La fotografía personal

En mi caso, en la fotografía que hago por interés personal, y todavía más si tiene un propósito documental (como recuerdo o para dejar constancia de algo), yo no utilizo este tipo de herramientas generativas. Si fotografío una escena, una calle o una persona, una parte fundamental de lo que me interesa es precisamente que aquello que muestra la fotografía haya estado delante de mi cámara. Incluso cuando estoy intentando captar algo que responde más a un estado interno, a algo más emocional, psicológico o vivencial, me aporta una satisfacción especial conseguir plasmarlo desde la propia realidad. Puedo procesarla, interpretar tonos, color, contraste, etc., pero generar personas, sustituir elementos importantes o transformar radicalmente la escena iría en contra de lo que yo busco en ese tipo de fotografía.

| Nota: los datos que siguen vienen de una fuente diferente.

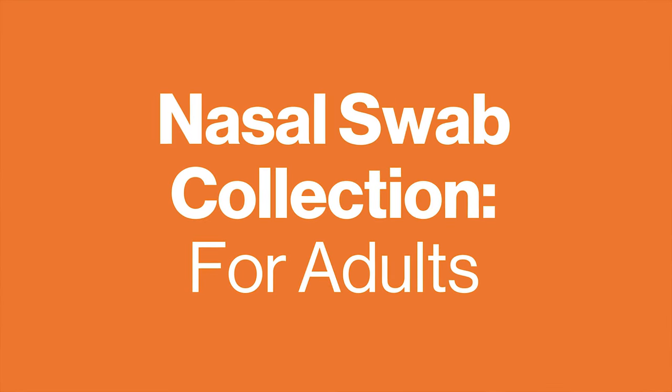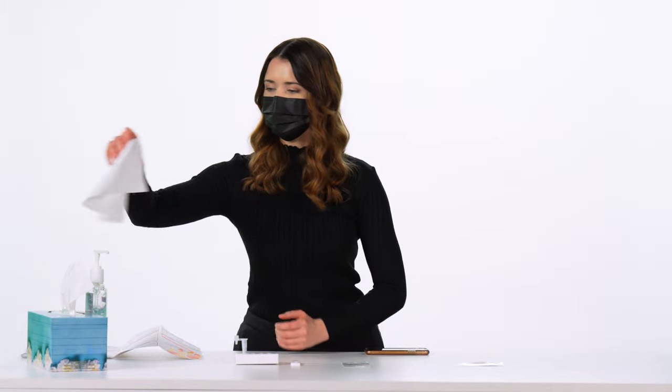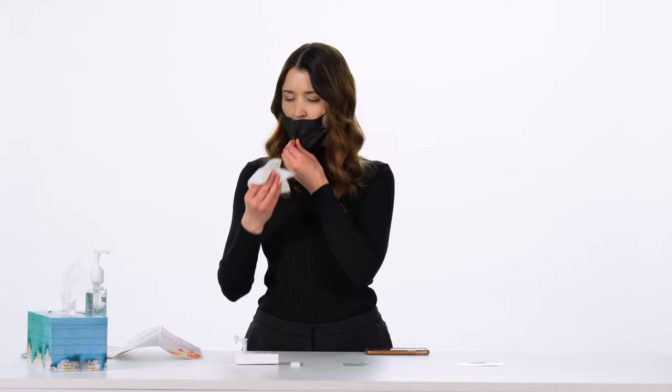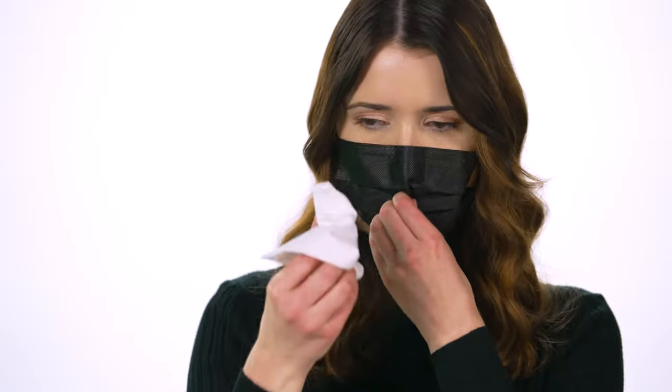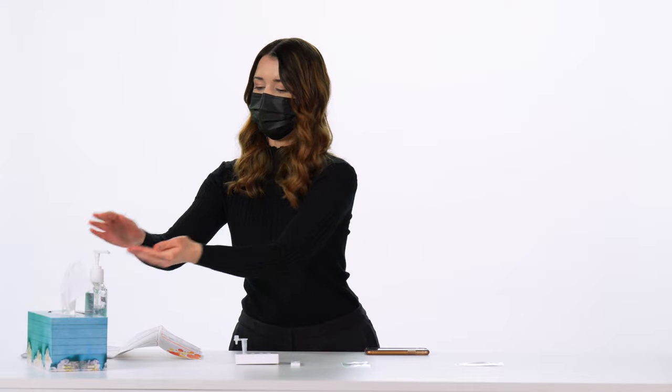Nasal swab collection for adults. Gently blow your nose into a tissue to remove excess mucus and discard the used tissue in the garbage. Avoid using bloody samples as blood may interfere with the test. Then wash or sanitize your hands again.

Cabe decir que en esto también habría bastante que matizar, pues en fotografía damos por buenas técnicas que, en realidad, podrían tacharse de «irreales» o como mínimo desconectadas de nuestra percepción humana: blanco y negro, doble exposición, fotografía infrarroja… Todo esto ya es tema para otro día; lo relevante a efectos de lo que quiero contar es que en esta visión tradicional de la fotografía tenemos unas limitaciones que, en cierto modo, actúan como reglas. Y esas reglas, aun con sus imperfecciones y arbitrariedades, nos ayudan a jugar con las mismas cartas, a unificar criterios.

La fotografía como imagen

Sin embargo, existen otros contextos en los que la finalidad puede ser muy distinta. Pensemos en publicidad, un catálogo, el cartel de una película, una portada o determinadas imágenes comerciales. Ahí puede suceder que lo que se necesite, en última instancia, sea construir una imagen determinada, independientemente de que cada uno de sus elementos haya existido conjuntamente ante una cámara. Y sin que el proceso específico para obtenerla tenga en sí mismo una repercusión particular más allá de su impacto en el coste en dinero y tiempo: en este caso, no queremos que nos den la chapa de «fotógrafo auténtico», solo cumplir con un encargo. Un trabajo que hasta hace poco habría requerido un profesional de la fotografía, modelos, iluminación, localizaciones, atrezo y después una considerable cantidad de trabajo en Photoshop o herramientas similares. Ahora parte —o incluso todo— ese proceso puede llegar a realizarse sintéticamente.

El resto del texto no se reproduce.